At its most technical level, more than 4 in 5 AWVs in the survey were non-compliant. This figure comes from 16% of providers are performing a driving safety assessment. The AWV conditions for coverage stipulate that "motor vehicle safety (seat belt use)" is a behavioral risk topic that must be evaluated as part of the required health risk assessment (HRA). Thus, a practice failing to address this seemingly small area may risk AWV non-compliance.

If required elements are not completed and documented, the AWV can be considered non-compliant by an auditor. Potential ramifications include clawbacks and other penalties, while egregious and willful cases could see practices facing exclusion from Medicare or criminal liability.

Why is AWV compliance proving so difficult for practices?

The AWV process seems straightforward. The challenge is that the annual wellness visit requires providers to furnish multiple services to eligible beneficiaries, with those services identified in the AWV conditions for coverage.

The initial AWV requires practices to document the following:

  • HRA
  • Medical and family history
  • Current healthcare providers and suppliers
  • Routine, essential measurements (e.g., height, weight, body mass index/waist circumference, blood pressure, and others deemed essential as per the beneficiary's medical and family history)
  • Cognitive function
  • Potential risk factors for depression
  • Functional ability and safety
  • Written preventive screening schedule for the beneficiary's next 5-10 years (which is considered an integral part of the required personalized prevention plan of service (PPPS))
  • Risk factors and conditions for which an intervention is recommended or already underway
  • Personalized health advice and referrals
  • Advance care planning (ACP) services (upon request)

Subsequent AWVs require the following documentation requirements:

  • Updated HRA
  • Updated beneficiary's medical/family history
  • Updated list of current healthcare providers/suppliers
  • Routine, essential measurements
  • Completed cognitive function assessment
  • Completed depression/risk factor discussion
  • Updated written screening schedule
  • Updated risk factors/conditions for which interventions are recommended/underway
  • Updated the PPPS, including personalized health advice and referrals to health education and/or preventive counseling services or programs, as appropriate
  • Reviewed/discussed ACP services (at the patient's discretion)

While these lists of requirements appear long, completing most of them — particularly following completion of a patient's initial AWV — will typically not require significant time for providers. But whether required components take 30 seconds or 10 minutes to complete does not matter. What matters is that they are completed and documented appropriately.

What should practices do to better ensure AWV compliance?

As stated earlier, verify the tools your practice uses for AWVs prompt providers to complete all required components. There are solutions on the market that do so and can generate the comprehensive documentation necessary in the event of a chart check or audit.

Without such a tool, your AWVs are inherently more likely to miss one or more components and be non-compliant. Failure to complete documentation requirements not only increases the likelihood AWVs being found non-compliant by an auditor, but you are more likely to have AWV claims denied.

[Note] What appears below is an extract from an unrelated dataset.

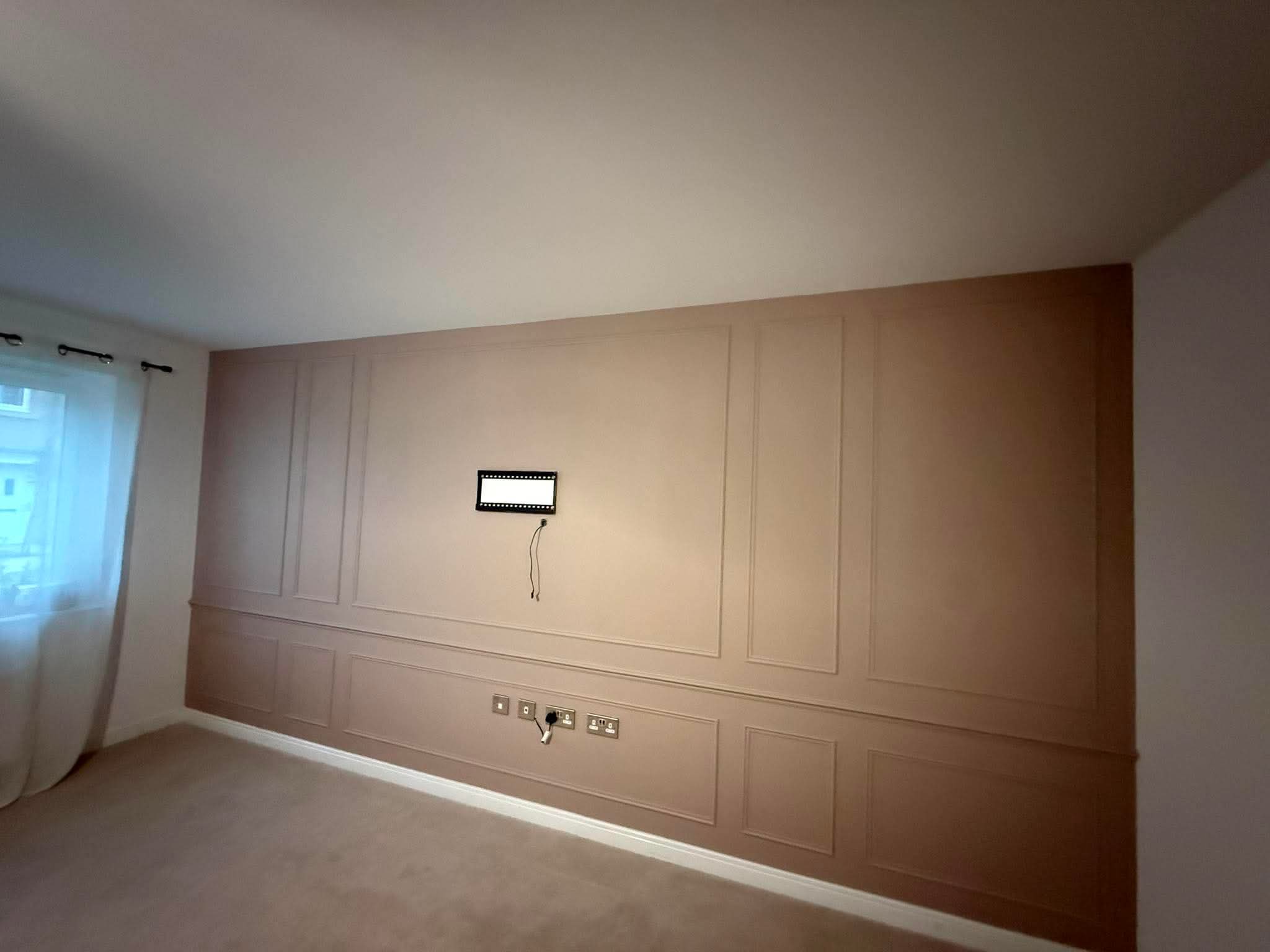Decorative panelling fitted around the TV position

This will delay your reimbursement and grow the costs associated with billing for the service, including staff time and reprinting documentation.

Daniel Tashnek is the co-founder of Prevounce Health, a healthcare software company that simplifies the provision of preventive medical services, chronic care management and remote patient management. Daniel is also a practicing healthcare attorney specializing in regulatory compliance, reimbursement, scope of practice, and patient care issues.